- _Collected data_:

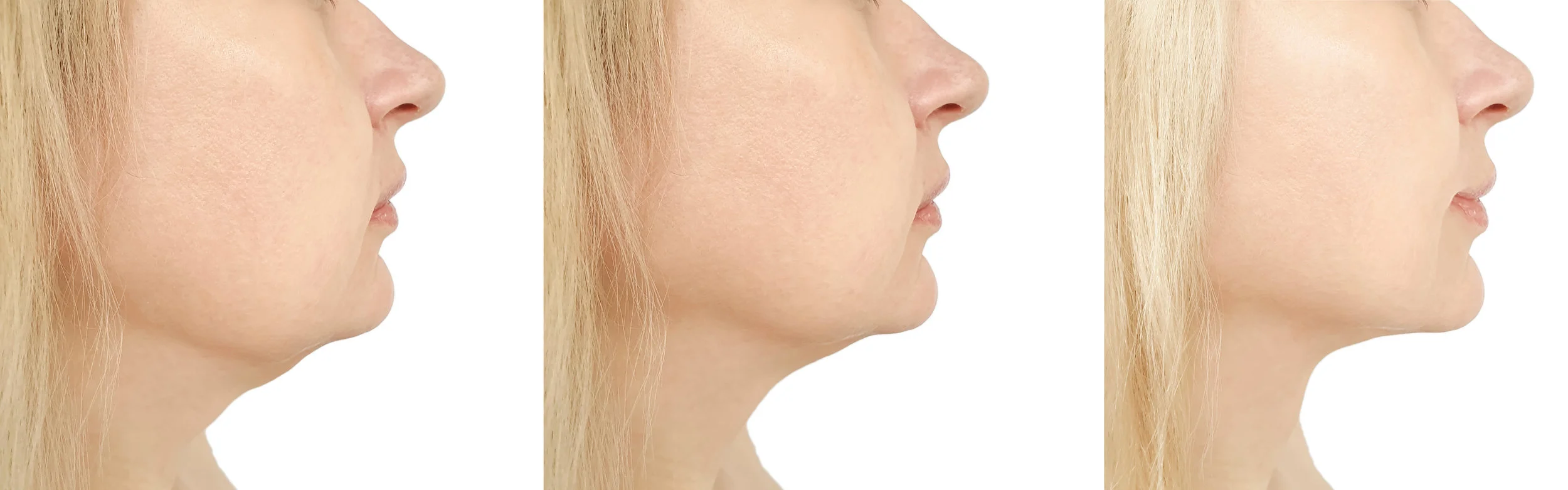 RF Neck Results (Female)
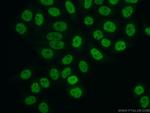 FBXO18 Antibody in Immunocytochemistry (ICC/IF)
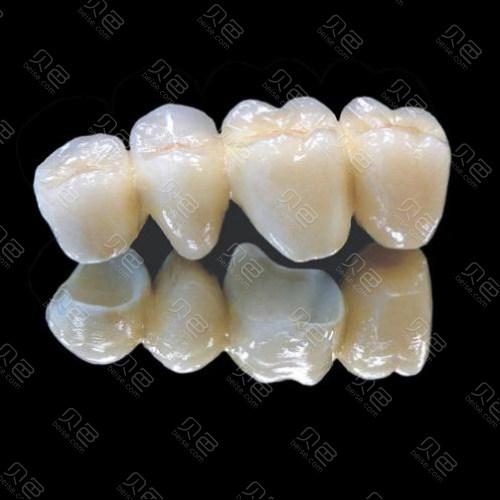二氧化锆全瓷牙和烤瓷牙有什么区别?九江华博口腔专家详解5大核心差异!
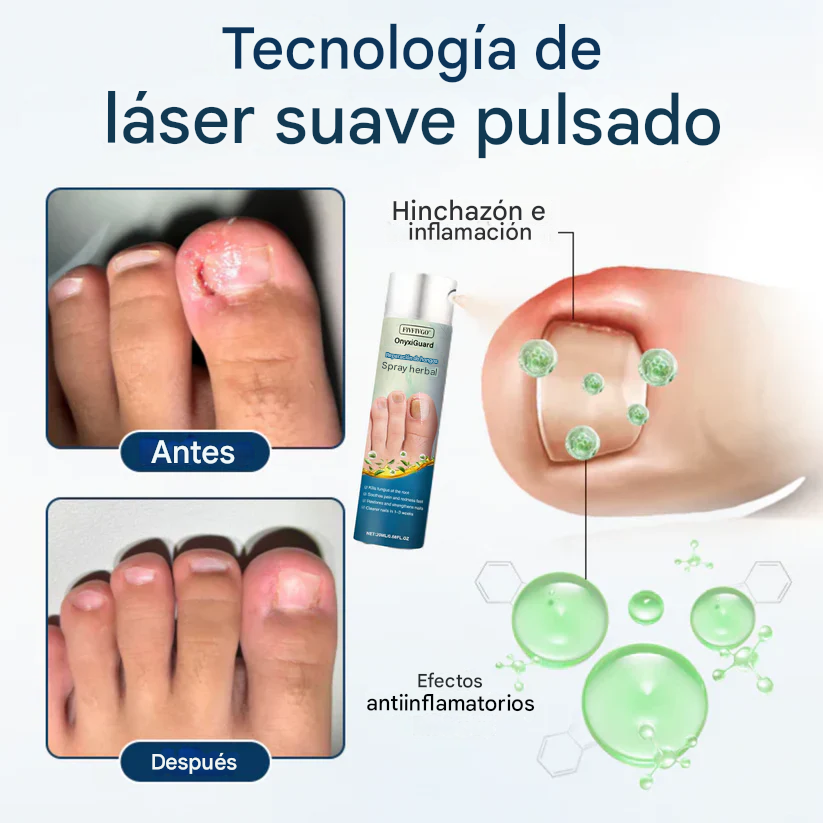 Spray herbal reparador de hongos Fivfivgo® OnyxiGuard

- _Aim of the task_:
An exact copy of the listing is required, excluding any pictures.

- _Solution to this problem_:
 RF Neck Results (Female)
 FBXO18 Antibody in Immunocytochemistry (ICC/IF)
二氧化锆全瓷牙和烤瓷牙有什么区别?九江华博口腔专家详解5大核心差异!
 Spray herbal reparador de hongos Fivfivgo® OnyxiGuard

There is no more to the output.